One pot to clean after making a delicious dinner? Sign me up! I make this one pot pasta recipe all the time, so I decided to test another one pot dinner from Pinterest – this time it’s for chicken and tortellini.
You use the whole chicken, which I love since sometimes our supermarket has whole chickens on sale for a really great price! It’s much cheaper than chicken breasts. But if you love white meat or dark meat, you could use just those pieces instead of the entire chick. Just make sure you go for bone-in and adjust your cook time accordingly.
For this recipe, I used my dutch oven. I LOVE this thing. I use it for pot pie, frying these crispy green beans, and more. I got it on sale at Target years ago, and it was an awesome investment. If you don’t have a dutch oven yet, this is the one I have (aff link) and love. It goes right from stove to oven. Plus, if you like camping, this is awesome for the campfire.
On to the recipe!
Start by cooking a few cloves of crushed or finely chopped garlic in some olive oil. As soon as that’s cooked, at the chicken breast side down. Allow it to brown for a few minutes, then turn it over and allow it to brown on the other side for a few minutes. You want the skin to be nice and crispy when it’s done, right? This will make it so!

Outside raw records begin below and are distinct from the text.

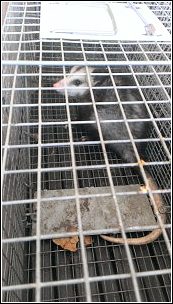 oppossum in trap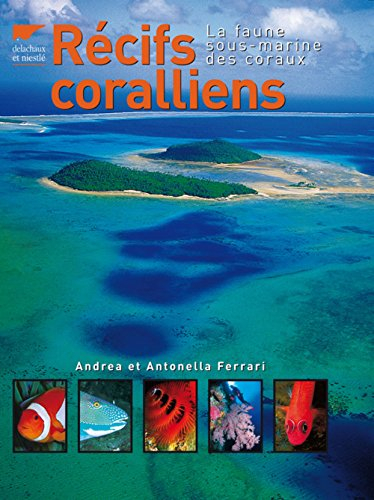 Récifs coralliens : la faune sous-marine des coraux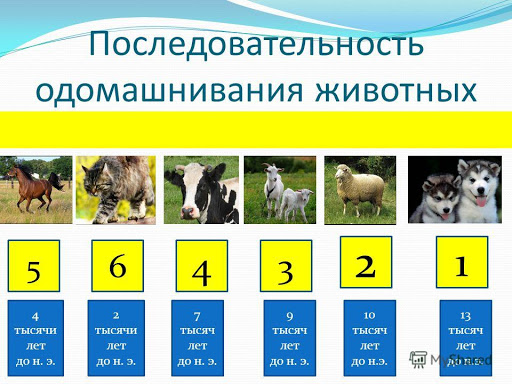 Процесс одомашнивания животных презентация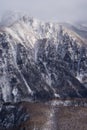 Winter forest landscape view from Mount Kurodake.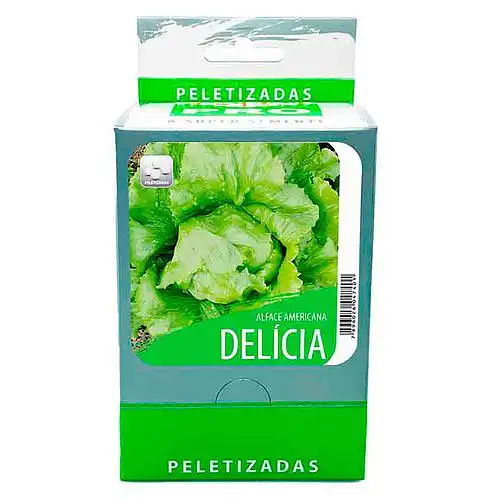  ALFACE DELICIA AMERICANA PRATIPELET (20 env.100 sem.)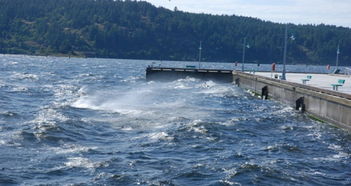 阿尔伯尼港天气预报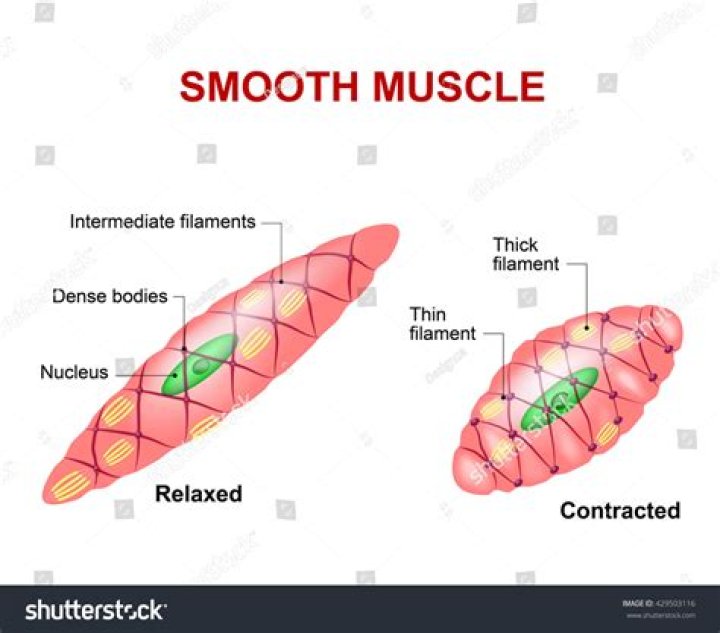 Does smooth muscle have myogenic activity?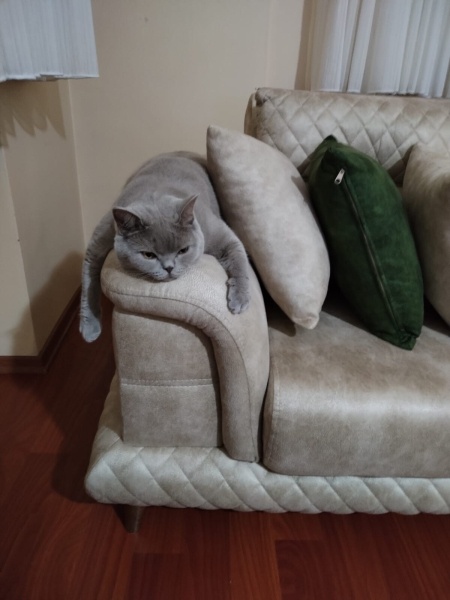 British Longhair, Kedi  Moka fotoğrafı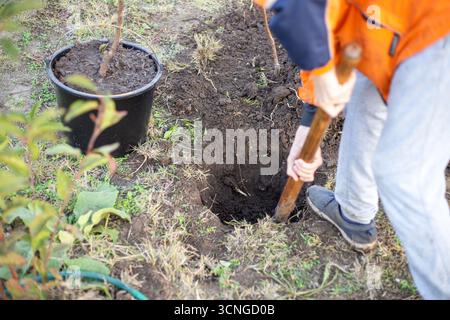 A man digs a hole in the ground with a shovel to plant a tree sapling. Stock Photo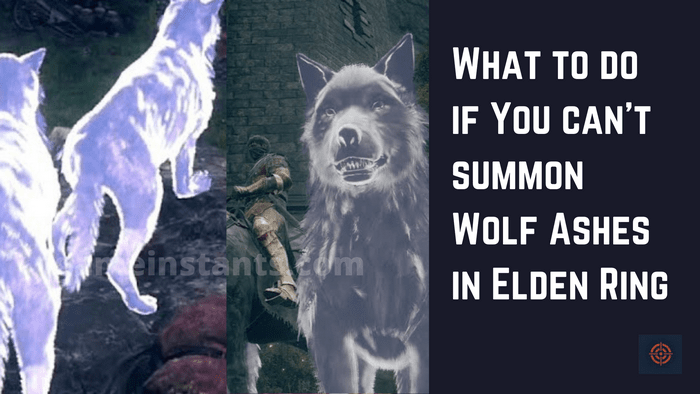 What To Do if You Can't Summon Wolf Ashes in Elden Ring? GameInstants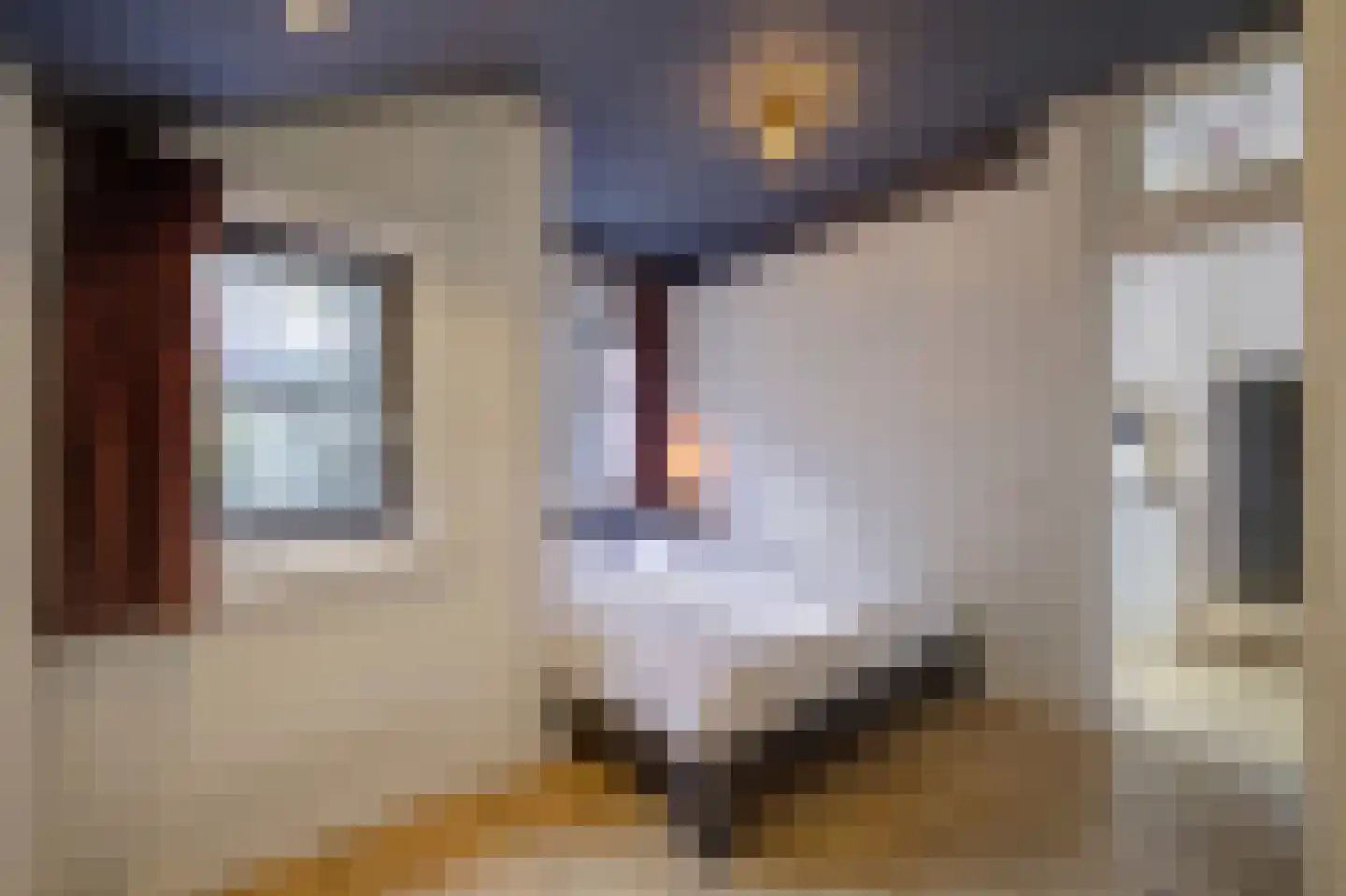 Van Ostadestraat 484 H Amsterdam thumbnail 22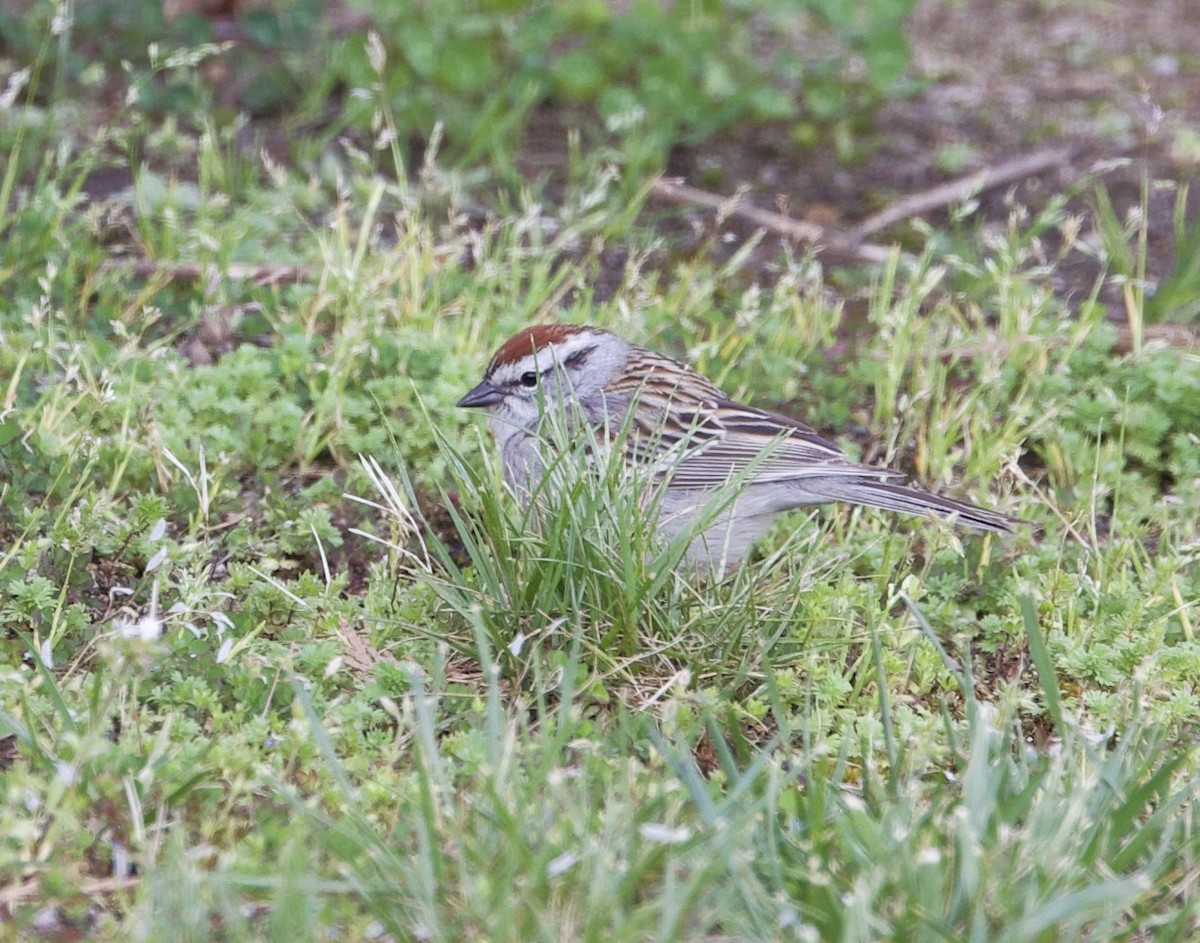 Chipping Sparrow - Sue Flecker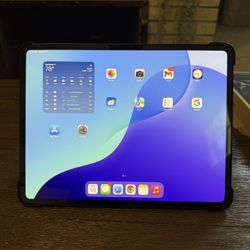 13” iPad Pro M4 5G (AT&T) - Box & Case - iCloud Unlocked - Excellent!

Mmmm crispy chicken skin….
When that’s done, add the diced tomatoes, artichoke hearts, water, and seasonings and pop in the oven at 350 degrees for about 1 1/2 to 2 hours, depending on the size of your chicken.
I like to check after about 1 hour to see how it’s coming along, and again at 90 minutes. A smaller bird might be done at that point, while a larger bird will take even longer.
Add the tortellinis to the pot, making sure they’re submerged in the liquid, cover, and let stand for 5 minutes. That’s it – you’re ready to go! You can cut up the chicken and add back to the pot for more of a stew-style meal, or simple carve the chicken and serve with the tomatoes, artichokes, and pasta on the side. Either way, it’s a hearty, delicious meal that takes little to no work. Bonus: the clean up is super easy!
I like this recipe, but to be honest, artichokes straight up like this have never been my favorite. Since I’ve been on such a leek kick lately, I think I might add them to the pot instead next time.
Here’s the printable recipe:
- 3 Tbs. olive oil
- 4 cloves garlic, crushed
- 1 whole chicken
- 2 cans (15 oz each) diced tomatoes
- 14 oz can artichoke hearts, drained and rinsed
- 1 cup water
- 1 tablespoon Italian seasoning
- 1 tablespoon pepper
- 1 teaspoon salt
- 2 packages (9oz each) refrigerated tortellini
- Heat oil in a dutch oven. Add garlic and cook for 1-2 minutes.
- Add chicken breast-side down. Brown for about 5 minutes. Turn over and brown for another five minutes.
- Add diced tomatoes, artichoke hearts, water, and seasonings.
- Bake in oven at 350 degrees for 1⅕ to 2 hours, depending on the size of your chicken.
- Remove from oven and add tortellini. Make sure they are submerged in the liquid, cover, and let stand for about 5 minutes.
- Carve chicken and serve with pasta and veggies as a side or mix together for a stew-style meal.